Many people think that if they have tested the database they’ve tested the data warehouse. But that’s a mistake. A BIG mistake. OLTP (on-line transaction processing) testing is database testing. But OLAP (on-line analytical processing) system testing applies to the data warehouse, and more specifically, ETL testing. The difference is this:
- Database testing compares data from source to target tables.
- Data warehouse (or ETL) testing traces the accuracy of information throughout the data warehouse.
Data Warehouse testing assures that information is not just loaded correctly, but that it is appropriately aggregated, catalogued and verified so that it is useful and accurate for analysis and decision-making. The ETL process is particularly vulnerable in this regard.

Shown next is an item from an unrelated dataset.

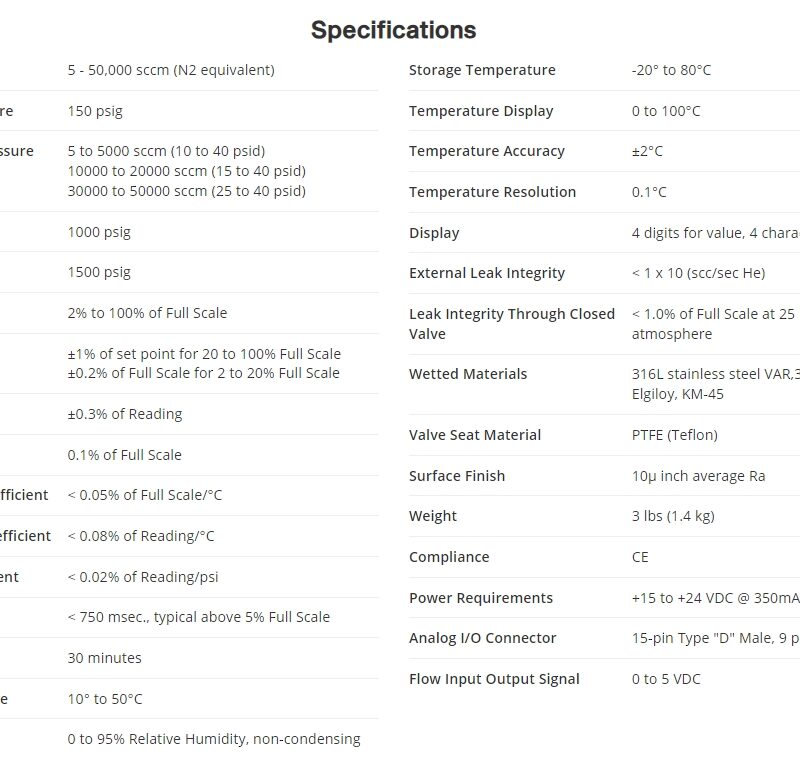 mks p series high performance mass flow controllers p9b pressure insensitive 5 50,000 sccm mass flow controllers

Looking at Diagram 1 (above), you can see that data has to pass through a variety of processes from source to BI (reporting). The transfer points where data can be lost or transferred incorrectly are in the ETL process:
- From source to staging area
- From staging area to the data warehouse
- From the data warehouse to data marts
It is vital that we test at all of these points. There are seven kinds of tests that need to be performed to assure accuracy, scalability, system integrity, usefulness and long-term quality of the system. These are:
- Data completeness. Verifying that all the expected data is loaded into the target from the source.
- Data transformation. Verifying that data is transformed correctly according to business requirements and Source To Target mapping documents.
- Data quality. Verifying that invalid data has been corrected or eliminated in accordance with requirements.
- Performance and scalability. Verifying that the system is scalable and can sustain further growth, handling new data and subsequent queries up to acceptable performance limits.
- Integration testing. Verifying that the application fits into the overall architecture without violating the integrity of the system.
- User-acceptance testing. Verifying that implementation corresponds to user needs and expectations.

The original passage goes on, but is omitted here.